**** Data

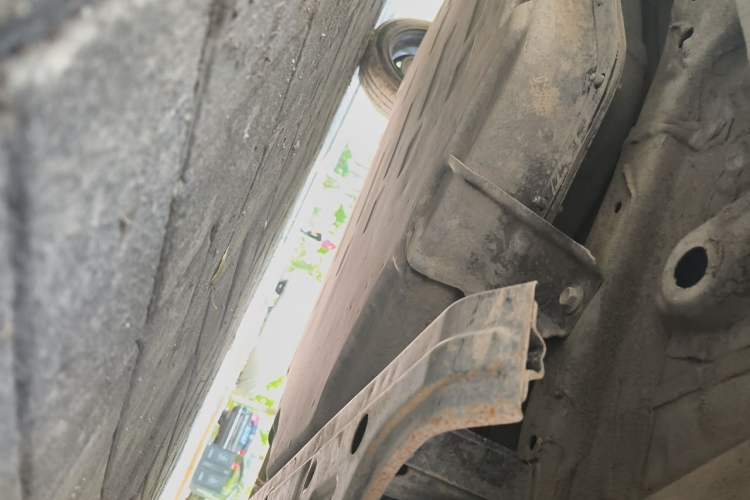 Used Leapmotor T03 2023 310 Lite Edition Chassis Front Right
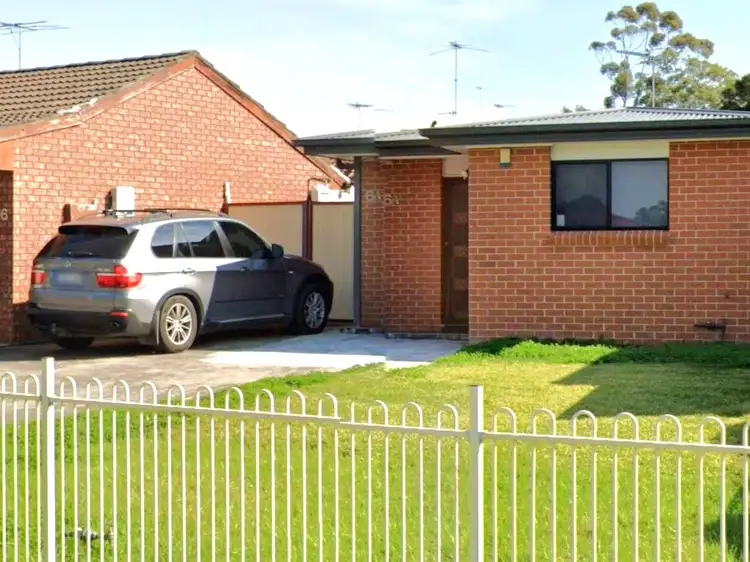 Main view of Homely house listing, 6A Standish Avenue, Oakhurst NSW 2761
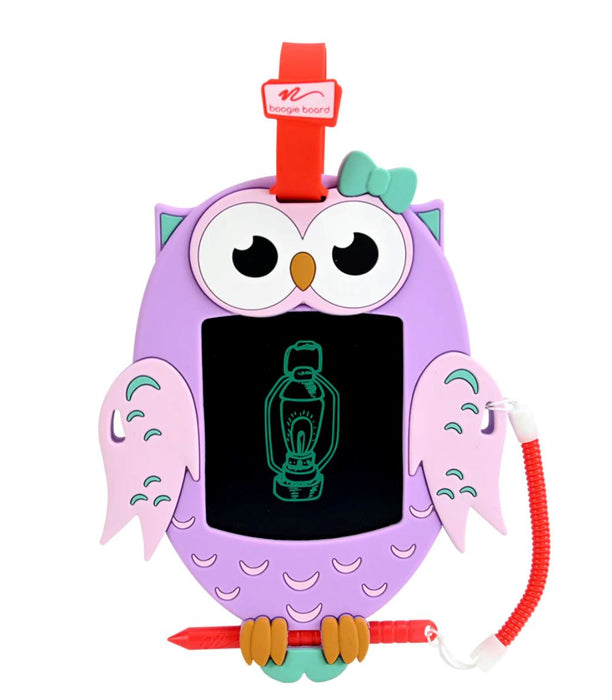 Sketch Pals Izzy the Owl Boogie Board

********

Pictures stay out; reproduce exactly the lines from the one containing "Main view of" through the end of the data.

 Main view of Homely house listing, 6A Standish Avenue, Oakhurst NSW 2761
 Sketch Pals Izzy the Owl Boogie Board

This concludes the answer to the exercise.